Not all industry researchers have a public-facing presence (i.e., talks, publications, conference attendance). Researchers might not share the work publically to protect the company’s intellectual property in a competitive field, or they might not publish because it is not incentivized by their company or required for their career progression. To learn about certain job types, you might have to dig a bit deeper. Here, you can take advantage of professional social networks, such as LinkedIn and Twitter. You can learn a lot about skills and requirements by taking a look at people’s training background and reading the types of posts they share. Some companies will also have a tech blog, where they post about recent research and the researchers behind the work.

Informational Interviews

Lastly, informational interviews might be the most useful resource you’ll have in this process, but they are also a big ask, so don’t go in underprepared. If you’ve never done informational interviews before, read up on them before starting. In short, you should spend only a brief amount of time introducing yourself, come prepared with thoughtful questions, and show consideration for the person’s time. The goal is to understand what this person’s job is like by asking a set of interview questions (e.g., What does a workday look like for you? What do you like the most about your job? The least? What skills do you think are most important for someone interested in a job like yours?). At least some of these questions should be tailored to your career “must haves”.

The primary goal of an informational interview is not to get a referral or an invite to interview, but those can be side benefits. Informational interviews are a good way to build your network and to place you in the mind of a potential hiring manager. When you follow up via email/message afterward, you might note that you are on the market and invite the individual to keep you in mind if the right fit comes along.

Create a Taxonomy of Relevant Job Options

When I was making the transition to industry research, I built a rough taxonomy of different categories of jobs while carrying out informational interviews and surveying job postings. This taxonomy wasn’t built strictly on job titles, but instead reflected important features of various types of jobs (note that job titles for the same type of work will vary from company to company, and the same title might have very different functions in different teams or companies). For example, during informational interviews and job phone screens, it became clear to me that research roles for people with my background differed based on whether they were focused on product or on longer-term R&D. They also varied in the degree to which they required domain expertise versus transferable skills (e.g., experimental design, statistical analysis). I was also able to derive some understanding of important features of various jobs from reading many job descriptions.

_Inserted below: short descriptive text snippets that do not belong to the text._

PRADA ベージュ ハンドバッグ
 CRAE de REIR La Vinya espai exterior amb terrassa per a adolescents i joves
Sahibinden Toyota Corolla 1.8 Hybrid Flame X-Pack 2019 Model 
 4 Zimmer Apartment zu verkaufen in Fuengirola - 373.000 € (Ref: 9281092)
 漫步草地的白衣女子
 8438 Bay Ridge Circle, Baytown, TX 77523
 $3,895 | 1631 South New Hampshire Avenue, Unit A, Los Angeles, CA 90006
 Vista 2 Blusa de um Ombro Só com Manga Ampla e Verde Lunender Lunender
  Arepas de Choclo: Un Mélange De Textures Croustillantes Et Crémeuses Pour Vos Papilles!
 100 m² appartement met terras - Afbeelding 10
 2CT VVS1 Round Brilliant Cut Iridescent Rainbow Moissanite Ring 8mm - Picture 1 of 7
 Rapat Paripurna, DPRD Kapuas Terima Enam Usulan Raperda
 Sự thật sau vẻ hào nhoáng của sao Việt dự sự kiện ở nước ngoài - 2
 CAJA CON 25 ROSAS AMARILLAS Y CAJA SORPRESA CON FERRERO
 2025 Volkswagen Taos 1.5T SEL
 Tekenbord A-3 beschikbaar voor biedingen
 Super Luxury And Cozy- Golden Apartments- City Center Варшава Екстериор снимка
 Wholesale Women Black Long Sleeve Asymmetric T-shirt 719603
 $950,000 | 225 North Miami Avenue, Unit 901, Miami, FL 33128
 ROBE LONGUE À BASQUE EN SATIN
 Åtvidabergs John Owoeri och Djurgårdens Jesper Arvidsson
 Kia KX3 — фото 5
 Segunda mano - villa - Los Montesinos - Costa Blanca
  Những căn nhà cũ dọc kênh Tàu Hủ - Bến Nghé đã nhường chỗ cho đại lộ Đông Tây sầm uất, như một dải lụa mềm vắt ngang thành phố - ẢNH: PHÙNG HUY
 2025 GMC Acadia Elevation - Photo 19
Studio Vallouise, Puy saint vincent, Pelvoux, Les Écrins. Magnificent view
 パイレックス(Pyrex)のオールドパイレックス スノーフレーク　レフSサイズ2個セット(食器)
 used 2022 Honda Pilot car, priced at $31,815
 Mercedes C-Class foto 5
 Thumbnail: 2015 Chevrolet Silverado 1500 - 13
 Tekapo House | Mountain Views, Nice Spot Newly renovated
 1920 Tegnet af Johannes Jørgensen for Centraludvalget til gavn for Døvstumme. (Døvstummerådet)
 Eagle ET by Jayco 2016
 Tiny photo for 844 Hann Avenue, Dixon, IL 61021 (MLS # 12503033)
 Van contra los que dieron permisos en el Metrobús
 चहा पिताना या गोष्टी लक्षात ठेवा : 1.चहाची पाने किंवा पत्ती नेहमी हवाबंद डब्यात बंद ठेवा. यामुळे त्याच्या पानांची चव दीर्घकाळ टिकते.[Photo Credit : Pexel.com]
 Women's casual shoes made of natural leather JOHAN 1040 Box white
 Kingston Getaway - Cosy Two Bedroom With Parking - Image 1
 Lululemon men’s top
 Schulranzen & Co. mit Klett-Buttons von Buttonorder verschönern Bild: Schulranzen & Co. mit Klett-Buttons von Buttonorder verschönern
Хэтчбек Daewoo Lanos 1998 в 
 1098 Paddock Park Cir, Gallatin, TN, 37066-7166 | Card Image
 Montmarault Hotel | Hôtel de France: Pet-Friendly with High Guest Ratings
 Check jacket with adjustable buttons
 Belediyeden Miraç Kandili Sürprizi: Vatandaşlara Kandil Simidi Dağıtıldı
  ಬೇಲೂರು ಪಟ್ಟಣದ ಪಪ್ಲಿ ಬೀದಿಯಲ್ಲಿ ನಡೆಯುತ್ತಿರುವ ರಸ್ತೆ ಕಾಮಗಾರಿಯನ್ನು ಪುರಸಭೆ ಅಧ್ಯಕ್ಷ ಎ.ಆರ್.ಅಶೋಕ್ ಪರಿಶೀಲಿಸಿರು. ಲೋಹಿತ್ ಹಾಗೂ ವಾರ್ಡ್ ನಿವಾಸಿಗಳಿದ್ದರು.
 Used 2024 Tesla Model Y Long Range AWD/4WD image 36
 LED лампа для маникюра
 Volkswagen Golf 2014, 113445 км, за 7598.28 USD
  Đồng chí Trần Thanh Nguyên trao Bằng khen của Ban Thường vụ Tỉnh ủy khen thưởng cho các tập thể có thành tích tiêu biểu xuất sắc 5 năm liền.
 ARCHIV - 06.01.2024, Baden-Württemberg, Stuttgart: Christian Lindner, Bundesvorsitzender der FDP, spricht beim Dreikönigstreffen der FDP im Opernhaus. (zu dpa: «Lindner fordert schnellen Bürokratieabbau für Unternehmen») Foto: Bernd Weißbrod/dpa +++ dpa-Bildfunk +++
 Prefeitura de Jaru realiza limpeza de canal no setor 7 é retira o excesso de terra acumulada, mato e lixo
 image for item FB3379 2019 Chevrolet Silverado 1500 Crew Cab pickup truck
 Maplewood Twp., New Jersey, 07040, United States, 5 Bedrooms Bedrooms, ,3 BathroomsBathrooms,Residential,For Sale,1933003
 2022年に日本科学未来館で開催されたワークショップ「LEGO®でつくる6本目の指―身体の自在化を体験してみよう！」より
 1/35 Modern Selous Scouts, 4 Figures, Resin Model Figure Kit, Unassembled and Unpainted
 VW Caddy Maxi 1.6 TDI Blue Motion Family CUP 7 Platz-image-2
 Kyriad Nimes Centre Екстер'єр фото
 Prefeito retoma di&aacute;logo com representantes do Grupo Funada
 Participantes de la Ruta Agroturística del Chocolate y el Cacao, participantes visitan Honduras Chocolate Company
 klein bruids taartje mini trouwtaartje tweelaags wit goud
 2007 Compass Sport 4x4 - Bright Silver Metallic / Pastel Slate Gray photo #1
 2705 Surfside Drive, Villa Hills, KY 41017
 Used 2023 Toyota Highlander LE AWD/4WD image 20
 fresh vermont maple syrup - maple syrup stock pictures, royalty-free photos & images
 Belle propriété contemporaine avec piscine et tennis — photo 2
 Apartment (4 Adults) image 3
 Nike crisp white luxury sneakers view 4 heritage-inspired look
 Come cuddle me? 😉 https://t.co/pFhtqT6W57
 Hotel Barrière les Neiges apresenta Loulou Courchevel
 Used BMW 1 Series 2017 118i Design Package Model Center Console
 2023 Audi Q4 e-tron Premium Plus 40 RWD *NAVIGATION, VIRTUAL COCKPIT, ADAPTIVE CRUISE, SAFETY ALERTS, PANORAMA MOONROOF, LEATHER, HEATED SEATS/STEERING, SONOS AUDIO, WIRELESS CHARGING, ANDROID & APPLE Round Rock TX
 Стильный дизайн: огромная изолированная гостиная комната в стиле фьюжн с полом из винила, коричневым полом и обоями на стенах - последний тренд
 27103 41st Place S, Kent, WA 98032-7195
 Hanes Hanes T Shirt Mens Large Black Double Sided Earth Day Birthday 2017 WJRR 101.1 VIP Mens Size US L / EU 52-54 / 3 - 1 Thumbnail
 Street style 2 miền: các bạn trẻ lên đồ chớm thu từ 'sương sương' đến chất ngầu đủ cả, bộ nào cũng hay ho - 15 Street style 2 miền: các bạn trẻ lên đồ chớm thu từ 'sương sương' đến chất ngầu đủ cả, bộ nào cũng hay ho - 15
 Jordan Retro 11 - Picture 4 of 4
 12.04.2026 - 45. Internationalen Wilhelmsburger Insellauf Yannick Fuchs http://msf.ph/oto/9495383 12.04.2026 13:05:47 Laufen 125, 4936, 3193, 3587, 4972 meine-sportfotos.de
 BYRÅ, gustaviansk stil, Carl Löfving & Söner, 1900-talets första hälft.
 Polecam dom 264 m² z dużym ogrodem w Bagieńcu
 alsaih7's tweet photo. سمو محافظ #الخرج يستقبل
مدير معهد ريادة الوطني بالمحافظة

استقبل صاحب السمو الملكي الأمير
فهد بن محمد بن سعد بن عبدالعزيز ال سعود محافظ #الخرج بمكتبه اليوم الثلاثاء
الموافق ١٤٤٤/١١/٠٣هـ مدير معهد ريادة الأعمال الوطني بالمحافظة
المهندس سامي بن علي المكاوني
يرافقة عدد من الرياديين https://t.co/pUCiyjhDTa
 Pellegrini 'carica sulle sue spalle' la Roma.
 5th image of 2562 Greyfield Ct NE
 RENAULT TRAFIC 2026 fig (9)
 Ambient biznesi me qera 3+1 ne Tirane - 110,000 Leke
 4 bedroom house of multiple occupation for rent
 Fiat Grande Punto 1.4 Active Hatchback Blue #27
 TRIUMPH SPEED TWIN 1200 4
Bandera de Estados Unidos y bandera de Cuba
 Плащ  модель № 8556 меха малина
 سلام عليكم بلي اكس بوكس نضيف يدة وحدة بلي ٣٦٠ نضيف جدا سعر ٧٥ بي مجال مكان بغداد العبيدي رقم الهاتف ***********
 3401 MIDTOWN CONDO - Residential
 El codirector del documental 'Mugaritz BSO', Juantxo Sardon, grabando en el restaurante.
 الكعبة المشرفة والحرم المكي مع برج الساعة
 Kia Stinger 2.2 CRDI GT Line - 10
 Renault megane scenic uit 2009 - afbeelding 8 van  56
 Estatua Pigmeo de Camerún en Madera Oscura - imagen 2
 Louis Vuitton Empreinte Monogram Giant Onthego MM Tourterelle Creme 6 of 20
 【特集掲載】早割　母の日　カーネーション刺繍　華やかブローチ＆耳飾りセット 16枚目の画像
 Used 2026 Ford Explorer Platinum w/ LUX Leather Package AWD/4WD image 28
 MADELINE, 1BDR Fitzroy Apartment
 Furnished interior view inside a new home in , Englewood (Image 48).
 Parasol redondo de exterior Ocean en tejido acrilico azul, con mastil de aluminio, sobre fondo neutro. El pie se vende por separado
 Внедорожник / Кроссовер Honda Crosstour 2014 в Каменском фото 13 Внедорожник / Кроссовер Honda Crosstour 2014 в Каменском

As you map out this set of possible job options, be sure to take note of the required skills and accomplishments for obtaining a particular class of jobs, which will help you determine whether you are competitive and whether there are any skill gaps that you should address. At this point, you’ve hopefully identified some paths that are particularly appealing and that you would be competitive for. Using my taxonomy, I identified the job categories that appealed most to me, and I gave myself an allotted number of months to go after my most preferred jobs before moving down the list.

And Move Forward!

This process can help you gather a lot of information to set yourself on a good trajectory. However, you will never know the exact best direction. Life is a journey and a lot of it can’t be known ahead of time. All you can do is diligently collect relevant information and then trust your gut. In my experience with industry, one of the biggest perks is flexibility and mobility — if something isn’t working or if you desire a new challenge, you can move around within company or across – you can make and remake your path.

So, don’t get stuck. Do your research, trust your newly informed gut, and then move forward confidently and enjoy the grand adventure that is your career!